When you call ImGui::Button("Hello World") it has no way of telling if it’s the same button as on the previous frame, or a new one. You’re simply not providing that data to the framework.

It’s often good enough for rendering, they don’t really care if it’s an old or new button as long as the GPU renders identical pixels. When you need state however (animations certainly do), the approach is no longer useful.

A framework might use heuristics like match text of the button or relative order of things, but none of them is reliable enough. Buttons may change text, they may be dynamically shown or hidden, things may be reordered in runtime.

> Layout problems can be solved by running several passes over the UI description before rendering happens.

You’re correct that it’s technically solvable. It’s just becomes computationally expensive for complex GUIs. You can’t reliably attach state to visual elements, gonna have to re-measure them every frame.

> There need to be accessibility APIs which let user interface frameworks connect to screen readers

Windows has it for decades now. For Win32 everything is automatic and implemented by the OS. Good custom-painted GUI frameworks like WPF or UWP handle WM_GETOBJECT message and return IAccessible COM interface. That COM interface implements reflection of the complete GUI, exposing an objects hierarchy. I’m not saying it’s impossible to do with immediate rendering, just very hard without explicit visual tree that persists through the lifetime of the window.

2 comments

> When you call ImGui::Button("Hello World") it has no way of telling if it’s the same button as on the previous frame

ImGui does have stable widget ids, otherwise many features which require keeping state across frames wouldn't work.
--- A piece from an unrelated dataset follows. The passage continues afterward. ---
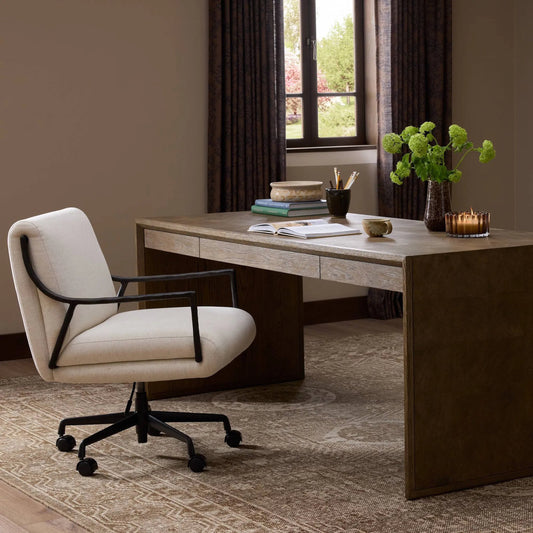 Cassidy Desk Chair by Four Hands in crypton nomad snow, ebony aluminum, hammered black. Made from 92% polyester, 8% flax, linen, aluminum, iron in a unique style.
In case of your button example, the widget id is hashed from the label string "Hello World":

https://github.com/ocornut/imgui/blob/61b19489f1ba35934d9114...

This is just the default behaviour, there's also a convention to define the id separately from the visible label string behind a '##':

https://github.com/ocornut/imgui/blob/61b19489f1ba35934d9114...

Of course other immediate mode UIs might have a different way to define widget ids.

> When you call ImGui::Button("Hello World") it has no way of telling if it’s the same button as on the previous frame, or a new one.

Can you solve this by adding stable IDs to the API, so you'd call `ImGui::Button("my-button-id", button_text)`?

To consistently assign these IDs you gonna have a tree on your side of the API. You’ll then have two visual trees, one on your side on the API, another one on the framework’s side of the API. And then you gonna be debugging things.

Who and when should destroy backend visual nodes? If you won’t use an ID in some frame, does it indicate the backend should drop the related state? What if an animation is still playing on the element in question? What if the missing control re-appears later i.e. was only hidden temporarily? What should backend do if you reuse same ID for different things?

One can implement simple stuff using any approach, immediate GUI is often the simplest of them. It’s when use cases are complicated you need a full-blown retrained mode OO framework. Win32, HTML DOM, MS XAML, QT, UIKit are all implemented that way, that’s not a coincidence.